I thought dealing with the Interlude would take much longer. Since it didn’t:
b) I started revising Tarashana. I took the comments of the first three readers (thank you all so much!) and turned them into a single bulleted list. I’m happy because almost all the revision will involve trivial detail work, no matter how important it will be in smoothing out the story and fixing up problems that might otherwise have been jarring to the reader. One element of the worldbuilding will require a little more thought, but even that won’t require a huge revision by any means. Nothing like the massive revision of Tuyo itself, that’s for sure.
Probably I will wind up making a particular revision that impacts descriptive details through about a third of the book, and that means I am absolutely certain to miss some description somewhere and leave the previous description in the story. I can’t believe I will get it all. It’s like when you change a character’s sex and a year later, after you have re-read the story yourself four times, a proofreader says, “Shouldn’t this be “she” rather than “he” in this sentence?” (I actually did switch the sex of one character in Tarashana, but I made the switch early, so by this time I THINK I have switched every single pronoun.)
Anyway, it feels to me like it shouldn’t take more than a week to whip through all these revision notes. That probably means it will be more like three weeks, but either way, barring acts of God and so on, I should be sending the manuscript out for proofreading by the end of the month.
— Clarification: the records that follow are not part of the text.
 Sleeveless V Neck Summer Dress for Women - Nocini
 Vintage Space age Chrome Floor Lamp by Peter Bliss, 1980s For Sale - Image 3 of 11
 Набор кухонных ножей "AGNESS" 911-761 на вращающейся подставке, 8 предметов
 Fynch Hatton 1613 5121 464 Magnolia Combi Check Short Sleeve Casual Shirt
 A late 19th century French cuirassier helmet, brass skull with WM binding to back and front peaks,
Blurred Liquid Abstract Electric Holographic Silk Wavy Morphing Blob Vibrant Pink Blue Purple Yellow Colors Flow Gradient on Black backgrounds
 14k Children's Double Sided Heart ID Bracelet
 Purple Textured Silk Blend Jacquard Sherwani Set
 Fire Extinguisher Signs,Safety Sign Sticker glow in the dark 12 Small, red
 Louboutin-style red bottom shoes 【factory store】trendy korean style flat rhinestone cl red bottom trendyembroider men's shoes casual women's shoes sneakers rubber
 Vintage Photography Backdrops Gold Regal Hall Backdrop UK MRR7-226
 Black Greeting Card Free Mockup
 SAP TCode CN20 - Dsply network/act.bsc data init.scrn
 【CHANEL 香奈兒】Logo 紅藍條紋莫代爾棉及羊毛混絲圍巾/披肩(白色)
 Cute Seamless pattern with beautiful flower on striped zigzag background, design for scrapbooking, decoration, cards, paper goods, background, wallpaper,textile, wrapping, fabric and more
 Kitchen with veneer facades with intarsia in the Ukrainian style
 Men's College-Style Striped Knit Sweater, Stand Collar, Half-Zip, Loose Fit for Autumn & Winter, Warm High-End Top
c) I came in to the office on Saturday and spent four hours doing this and that — I swear, I hardly remember what — oh, right, putting The Year’s Midnight into KDP format so I could see how many pages the manuscript is and tell the cover artist. But I also ran through through one million links to services that will promote an ebook for free rather than as a paid service. I got the links here, by the way, if any self-published authors want to take a look. This post is old and some of the links are dead, but many are still functional.
I’m setting Tuyo free on February 5th and using four or five of those promotion services and I will then compare the result to setting the book free for one day and promoting that day via Freebooksy, which is the most expensive promotion service other than Book Bub, as far as I know. As far as I can tell at this point, using Freebooksy to promote a free book will move quite a lot of books, but I think it may be cost effective only if there are more than two books in the series — not an earthshaking revelation, but useful to know. It was definitely cost effective for Black Dog, but not for Tuyo. Of course, I am building toward the Tarashana release, so it doesn’t necessarily matter to me whether promoting Tuyo is cost effective right this minute, as much as whether it pays off in sales later. I put a new endnote into the Tuyo ebook, with a teaser for Tarashana as well as for Nikoles. I do think the Freebooksy promotion also paid off in boosting the number of Amazon reviews from 40 to 50 practically overnight.
Up for this week:
a) Format Sphere for Kindle, KDP, and Draft to Digital. If I do that too early, I may shortly be correcting a few typos in three different version of the manuscript, which is a tedious pain in the neck. But it may be worth the risk of that tedium in order to get the basic formatting done. I will have to come to my office to do this, as MY LAPTOP IS STILL IN THE SHOP and the word processing program on the borrowed laptop is not capable of this kind of formatting. But I can come to work an hour early a couple days and get it done this week, probably.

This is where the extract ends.